Alcuni artisti hanno attinto direttamente dalle opere di Tolkien i nomi dei
loro gruppi, altri hanno dedicato interi dischi alla sua narrativa, altri
hanno invece saccheggiato il suo immaginario per illustrare le loro copertine
(pensate solo alle decine e decine di band di power metal che
hanno immaginato epiche cover con draghi, maghi, cavalieri, orchi,
in paesaggi fatati o spettrali a seconda dei casi). Partiamo così dai
nomi, visto che proprio questi sono alla base della nascita di ogni realtà
come sosteneva lo stesso Tolkien: “l’invenzione della lingua è
il fondamento di tutto. I miei racconti sono stati tutti elaborati più
per fornire un mondo alla lingua che viceversa. Per me, prima viene un nome
e poi la vicenda”. E allora via con i nomi: Rivendell,
Arathorn, Minas Tirith, Minas Morgul,
Isengard, Gandalf, Moria,
Count Grishnack, Lugburz, Ancalagon,
Marillion (abbreviato dall’originario Silmarillion),
Morgoth, Rhün, Amon Amarth,
Gorgoroth, Fangorn, Lothlorien,
Mordor, Ephelm Duath, Morannon,
Dagorlad, Elbereth, Morgul,
Nazgul, Shagrath, Shadow Host,
Cirith Ungol, Cirith Gorgor, Evereve,
Khazad-düm, Nargothrond… e ci
interrompiamo qui nell’elenco per non annoiarvi troppo.
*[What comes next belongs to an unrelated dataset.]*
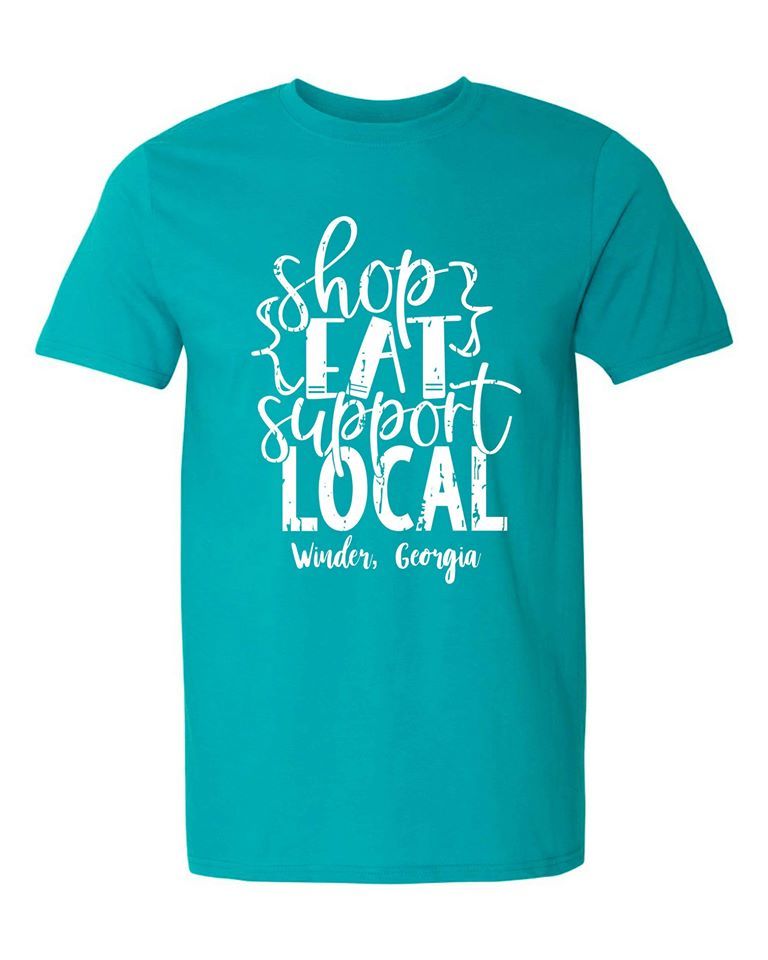 Support Local T-shirt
Sfogliando le opere di Tolkien ci si accorge che ogni piè sospinto
il professore universitario inserì nei suoi scritti vere e proprie
composizioni in forma di canzone, auspicando che prima o poi qualcuno le cantasse
(il nostro amava molto il folk tradizionale e spesso fin dall’infanzia
frequentò gli happening all’aperto dedicati alla musica
gaelica, celtica e irlandese, appassionandosi a nenie, melodie e traditional
popolari). Le sue composizioni che vengono di volta in volta intonate dagli
Ent, dagli Hobbit, dagli Elfi, dai Cavalieri di Rohan: sono chanson de geste
che ci raccontano il passato, il presente e il futuro della Terra di Mezzo,
arricchendola di un ritmo epico. E se i personaggi positivi descritti dallo
scrittore inglese hanno una naturale tendenza al canto è curioso e
particolarmente significativo che tutti i personaggi negativi e malvagi dell’universo
tolkieniano non mostrino una propensione per alcun tipo di lirica, ma anzi
tendano a zittire tutti coloro che li circondano. Morte e distruzione sono
infatti i suoni della malvagità o sarebbe meglio dire i rumori assordanti
del suo dominio.
Non solo Zeppelin…
“La Regina della Luce impugnò il suo arco e si mise in cammino/
il Principe della Pace abbracciò le tenebre e attraversò la
notte da solo/ oh danzate nel buio della notte/ il Signore Nero cavalca in
forza stanotte e il tempo ci racconterà tutto…”. Così
recita il testo di uno dei caposaldi dell’hard rock di tutti
i tempi: The Battle of Evermore dei Led
Zeppelin. Un pezzo che venne inserito nel quarto album della
band capitanata da Robert Plant e Jimmy Page,
quel quarto disco senza nome che portava scritte in calce strane rune alle
quali nel tempo si è voluto dare un significato talora mistico, talora
diabolico; un album che presentava al suo interno anche la splendida immagine
di un Grande Vecchio in cima a una montagna, appoggiato a un robusto bastone
e con in mano una lanterna accesa (una figura mitica nella quale molti hanno
voluto riconoscere il personaggio dello stregone bianco Galdalf).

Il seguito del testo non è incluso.